Peak Country – August 27, 2002

I was talking with my mom tonight on the phone. In the course of our conversation, I asked if she thought the United States has already peaked and is on the decline as a superpower. Personally, I believe it is. Several factors are gradually building to a head.

Retirement – Masses of people who are now in their late thirties to early fifties have saved hardly any money for retirement. Many of them carry credit card debt. They do not have IRAs, their 401(k)s have been hammered by the market, and pension plans have become virtually nonexistent in this country, so most of these mid-career workers do not have them. Is an entire generation that is used to a middle-class lifestyle going to subsist happily on Social Security? I am afraid we are becoming a society in which many people can never afford to retire. I think the phasing out of pension plans is a huge problem that will only become evident over a long period of time.

Health care – It’s not news that health care costs are out of control. But no one seems prepared to do anything about it. Legislators are beholden to insurance companies, so they are unlikely to initiate needed reform, and employers can only pass along so much of the cost of health insurance to employees before employees cease to be able to afford coverage.

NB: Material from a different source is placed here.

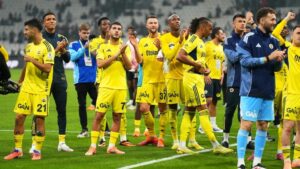 Fenerbahçe'nin galibiyet serisine Beşiktaş da engel olamadı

Health insurance needs to be decoupled from jobs, so that all people have access to at least basic care, with supplemental options for those who can afford them.

Credit card debt – The average American has several thousand dollars of credit card debt. With this kind of debt, it’s very difficult to save money, because interest accrued on savings is probably outweighed by interest accrued at high rates on credit card debt. Credit card companies may be happy with this situation, but who else is benefiting from our credit-crazy culture? Many apparently solvent people seem to be teetering on the brink of financial disaster, just a layoff away from bankruptcy.

As a result of these and other problems, the middle class is slowly shrinking as the costs of buying a home, paying property taxes, paying for college, etc. soar. Our educational system is in dire need of a complete revamp. We sue each other at the drop of a hat. Executives sell out shareholders while cashing out shares. We are at each other’s throats. Who needs wolves?

In contrast with earlier generations, I believe many Americans have grown up lazy, selfish and cowardly. After 9/11, a friend pointed out at dinner the other night, people offered a vast outpouring of sympathy and rediscovered the U.S. flag, but there was no increase in military enlistment, no long-term increase in charitable donations, just a return to bickering and self-righteous posturing. If something catastrophic were to happen, and a draft were instituted, I think there is a good chance that about 50 percent of those called would head for Canada.

It upsets me that I feel this way about my country. The United States is one of the greatest countries in the world — I have opportunities here that I would not have elsewhere, and I treasure them. I love America. But there are times when self-interest stops benefiting society and starts harming it instead. I believe we have reached such a point. With the number and complexity of problems we are currently facing, we need to work together to find workable solutions. I just don’t know if we have what it takes. I wonder what my grandparents would say we are missing.